Opinion
Decided January 28, 1938.
Appeal from Knox Circuit Court.
ELMER DECKER for appellants.
FLEM D. SAMPSON, J.M. ROBSION and G.M. MANNING for appellees.
Affirming.
Alexander Sevier died in 1928, a resident of Knox county, Ky.
He left surviving him three children, the appellees, John R. Sevier and Cora B. Sevier, and the appellant, Marena S. Madden. John R. Sevier is the father of three children, the appellants, Ruth H., Nancy E. and John R. Sevier, Jr., while Mrs. Madden is the mother of the appellants, Nancy, Marena, Alexander, and William Madden, Jr.
These are the persons interested as named beneficiaries under the alleged lost will and codicil thereto of Alexander Sevier, deceased.
This proceeding was initiated in the Knox county court by the appellant, Mrs. Marena S. Madden, who offered therein for probate certain papers claimed to be copies of the alleged lost will and codicil thereto of Alexander Sevier. The county judge held them to be copies of the deceased's will and codicil and ordered them to be probated and recorded as such.
This holding of the county court was appealed from to the Knox circuit court where, upon a hearing and trial before the Hon.

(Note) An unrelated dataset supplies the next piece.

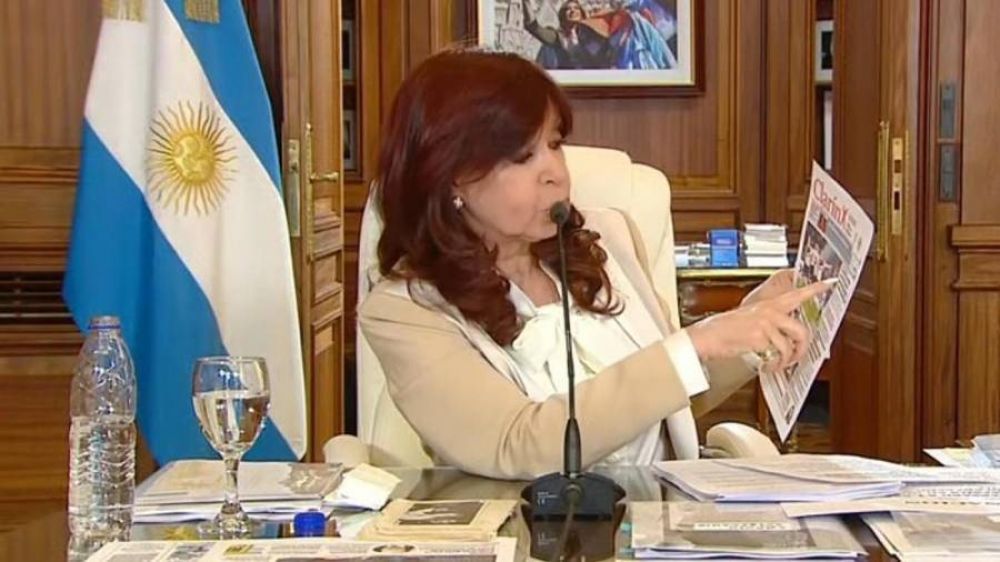 Cristina Fern�ndez difundi� otra prueba del v�nculo entre el fiscal Luciani y Rodr�guez Sim�n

P.L. Senters, its judge (no jury being impaneled), the judgment was reversed upon his finding and adjudging, under the pleadings and evidence heard, that the writings offered in evidence for probate were not identified and established as the will and codicil thereto of the deceased, Alexander Sevier.
Complaining of this judgment, Marena S. Madden, by counsel, and the above-named grandchildren of the deceased who were named as beneficiaries in the alleged will, by their statutory guardian, moved the court to set aside the judgment and grant them a new trial, upon the grounds that the court erred in permitting incompetent evidence to be heard on the trial, and that the judgment of the court was contrary to law and not supported by sufficient evidence.
Their motion and grounds having been overruled, an appeal was prayed and granted.
It appears that the only question presented upon this appeal for our determination is that of whether or not the evidence heard upon the trial was sufficient to identify and establish the papers offered for probate as being a true copy of an unrevoked lost will and codicil thereto of the deceased Sevier.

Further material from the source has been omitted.